Милдред уверенно ведет машину по ночному городу. Неожиданно она спрашивает:

— Скажи, Френк, а чем, собственно, занимается шериф? Пока ты работаешь, он развлекается…

— Он знает свое дело. Когда следствие заканчивается удачно, он приписывает весь успех себе, а в случае неудачи умывает руки. А в промежутке он довольствуется допросами свидетелей и прочим. Ты ведь знаешь Лассена…

— Да, конечно.

Милдред на лихом вираже подъезжает к дамбе и останавливает машину у яхт-клуба.

— Охрана на месте? — спрашивает она у мужа.

— Нет. Мы сняли охрану. Каюты заперты на ключ. Впрочем, мисс Молин назначена теперь управляющей имуществом Стирна, и завтра нам придется передать ключи ей.

Дюриэа берет жену под руку, и они направляются в сторону клуба.

— Мне нужно спросить разрешение на одну из этих шлюпок, — объясняет он.

— Разве мы не можем взять шлюпку втихаря?

— Что? Ты предлагаешь прокурору стать ночным гангстером? Ты хочешь, чтобы я угнал лодку у людей, оказавших мне доверие и выбравших меня на эту должность?

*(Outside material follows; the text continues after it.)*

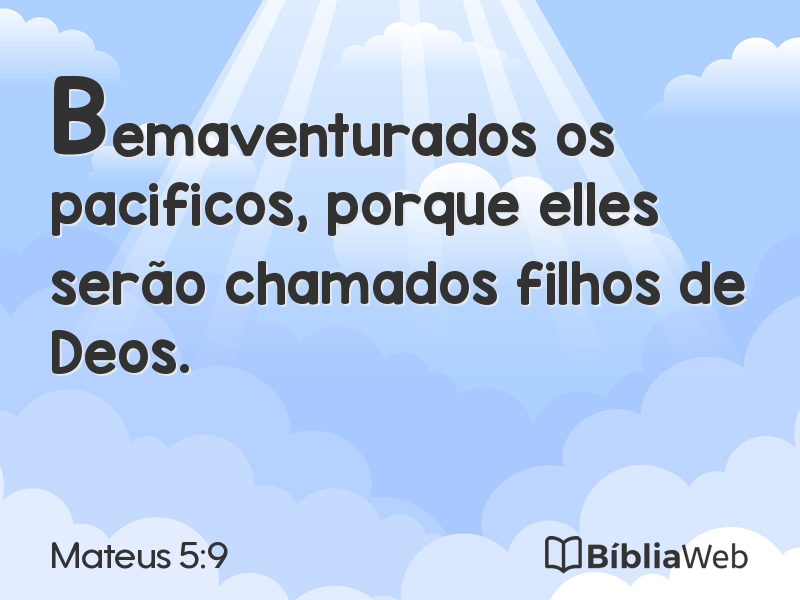 Mateus 5:9 em imagem para compartilhar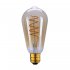 Żarówka LED 6W Spiral Amber E27 2200K 3S DIMM 757-ST64-3DM-SR-AMB Italux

— Я бы предпочла выйти замуж за корсара.

— Действительно, так может говорить только настоящая Виггинс! Я передам это Грэмпсу. Значит, берем «Джипси Квин» на абордаж?

— Мне следует сшить черные паруса с изображением Черепа, чтобы поднять их на мачте… Тихо! Там кто-то есть…

Они подходят на цыпочках к освещенному окну клуба и заглядывают внутрь. Вокруг стойки бара толпятся пять или шесть членов клуба. Они пьют, курят, разговаривают. Комната утопает в голубом табачном дыму.

— Держу пари, что они рассуждают об убийстве, — говорит Милдред. — Если они тебя заметят, то не отпустят так просто.

Супружеская чета молча идет к понтону и устраивается в одной из пришвартованных к нему шлюпок. Дюриэа распутывает трос и садится за весла.

— Предупреждаю, что я не чемпион по гребле.

— Ты прекрасно играешь в теннис, — утешает его Милдред. — Кроме того, ты великолепно ездишь верхом. Именно этим ты и пленил меня.

— Прекрасное было время!

— Хотя теперь я понимаю, почему ты никогда не предлагал мне покататься на лодке.

— Это был совет моего отца.

— Твой отец был умным человеком. Если бы я раньше увидела, как ты гребешь, я бы никогда не вышла за тебя замуж.

— В таком случае садись сама за весла, и мы посмотрим, на что годится супруга корсара…

Они меняются местами, и Милдред берется за весла.

Ее удары уверенны и сильны. Лодка скользит по воде, словно стрела.

— Черт побери! — восклицает Дюриэа. — А я и понятия не имел, что ты умеешь так грести. Может быть, ты еще многое другое скрываешь от меня?

— Я участвовала в соревнованиях по гребле и даже неоднократно выигрывала их. Это было в колледже. Бери трос, мы причаливаем. Где здесь лестница?

— С другой стороны.

— Так не говорят. Надо говорить: «с правого борта». А теперь скажи мне, где левый борт.

— Это тот, который противоположен правому.

— Молодец! А где правый борт?

— Там, где находится лестница, чтобы подняться на борт «Джипси Квин».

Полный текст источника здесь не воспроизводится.